Role of Apamin-Sensitive Calcium-Activated Small-Conductance Potassium Currents on the Mechanisms of Ventricular Fibrillation in Pacing-Induced Failing Rabbit Hearts

Abstract

Background— Ventricular fibrillation (VF) during heart failure is characterized by stable reentrant spiral waves (rotors). Apamin-sensitive small-conductance calcium-activated potassium currents ( I KAS ) are heterogeneously upregulated in failing hearts. We hypothesized that I KAS influences the location and stability of rotors during VF. Methods and Results— Optical mapping was performed on 9 rabbit hearts with pacing-induced heart failure. The epicardial right ventricular and left ventricular surfaces were simultaneously mapped in a Langendorff preparation. At baseline and after apamin (100 nmol/L) infusion, the action potential duration (APD 80 ) was determined, and VF was induced. Areas with a >50% increase in the maximum action potential duration (ΔAPD) after apamin infusion were considered to have a high I KAS distribution. At baseline, the distribution density of phase singularities during VF in high I KAS distribution areas was higher than in other areas (0.0035±0.0011 versus 0.0014±0.0010 phase singularities/pixel; P =0.004). In addition, high dominant frequencies also colocalized to high I KAS distribution areas (26.0 versus 17.9 Hz; P =0.003). These correlations were eliminated during VF after apamin infusion, as the number of phase singularities (17.2 versus 11.0; P =0.009) and dominant frequencies (22.1 versus 16.2 Hz; P =0.022) were all significantly decreased.

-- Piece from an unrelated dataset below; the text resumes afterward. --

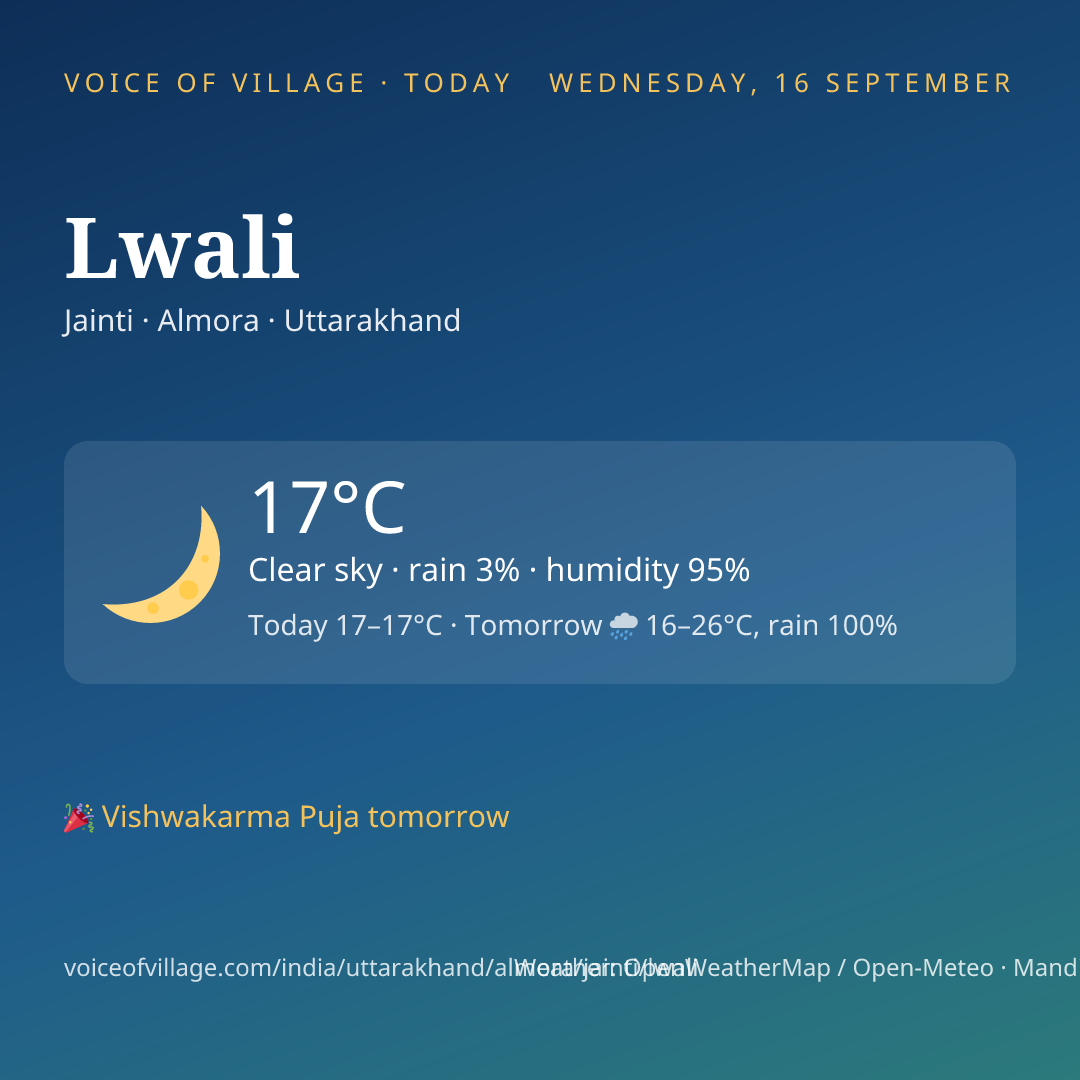 Lwali today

In addition, reentrant spiral waves became unstable after apamin infusion, and the duration of VF decreased. Conclusions— The I KAS current influences the mechanism of VF in failing hearts as phase singularities, high dominant frequencies, and reentrant spiral waves all correlated to areas of high I KAS . Apamin eliminated this relationship and reduced VF vulnerability.